Understanding MITRE ATT&CK

MITRE ATT&CK is a knowledge base and framework that catalogues tactics, techniques, and procedures employed by adversaries in their campaigns. It was developed by MITRE Corporation, a not-for-profit organization, and is widely recognized and adopted in the cybersecurity community.

The ATT&CK framework is structured into two primary matrices: Enterprise and Mobile. Each matrix consists of a range of tactics and techniques employed by adversaries during different stages of a cyberattack. The tactics represent the adversary’s goals, while the techniques are specific methods or procedures used to achieve those goals. ATT&CK also provides information on how the tactics and techniques have been observed in real-world attacks.

Why is MITRE ATT&CK Important?

Common Language: ATT&CK serves as a common language for security teams, enabling them to communicate more effectively about threats and vulnerabilities. By referencing specific tactics and techniques, security professionals can better understand and address security issues.
Proactive Threat Mitigation: Rather than focusing solely on known vulnerabilities or malware signatures, ATT&CK encourages a proactive approach. Organizations can identify potential threats and vulnerabilities based on the tactics and techniques used by adversaries.
Knowledge Sharing: The MITRE ATT&CK framework encourages knowledge sharing within the cybersecurity community. Security researchers, vendors, and organizations can contribute to the framework, ensuring that it remains up-to-date and reflective of the evolving threat landscape.
Improved Defenses: By understanding how adversaries operate, organizations can enhance their defenses. They can design more effective security strategies, create better threat detection rules, and prioritize security measures based on the likelihood of specific tactics being employed.
Red and Blue Teaming: ATT&CK supports red teaming (simulated adversarial attacks) and blue teaming (defensive exercises). These activities help organizations assess their security posture, identify weaknesses, and improve their incident response capabilities.

Practical Applications of MITRE ATT&CK

Threat Intelligence: Security teams can use ATT&CK to better understand threat intelligence reports. By mapping reported threats to the framework, organizations can assess the relevance and potential impact of the threat.
Security Assessments: During security assessments, organizations can use the framework to evaluate their security controls and identify gaps in their defenses. This helps in creating more robust security postures.
Incident Response: ATT&CK aids in incident response by allowing organizations to trace the tactics and techniques used by adversaries during an attack.
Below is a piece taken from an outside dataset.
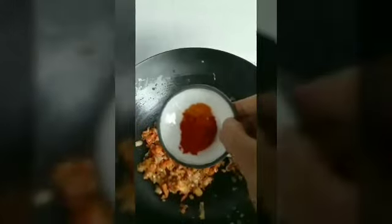Now add 1 tomato, finely chopped. Saute it in the tomato. Now add a pinch of turmeric and half tsp chili powder, and mix everything nicely.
This information can guide the response efforts and improve recovery procedures.
Cybersecurity Training and Education: ATT&CK is a valuable resource for training security professionals. It provides a structured way to learn about adversary behaviors and tactics.

MITRE ATT&CK is a powerful resource in the fight against evolving cyber threats. By providing a common language, fostering a proactive approach to defense, and facilitating knowledge sharing, it enhances the capabilities of organizations and security professionals. As cyber adversaries continue to adapt and innovate, MITRE ATT&CK remains an invaluable tool for understanding and mitigating their tactics and techniques, making the digital world a safer place for all.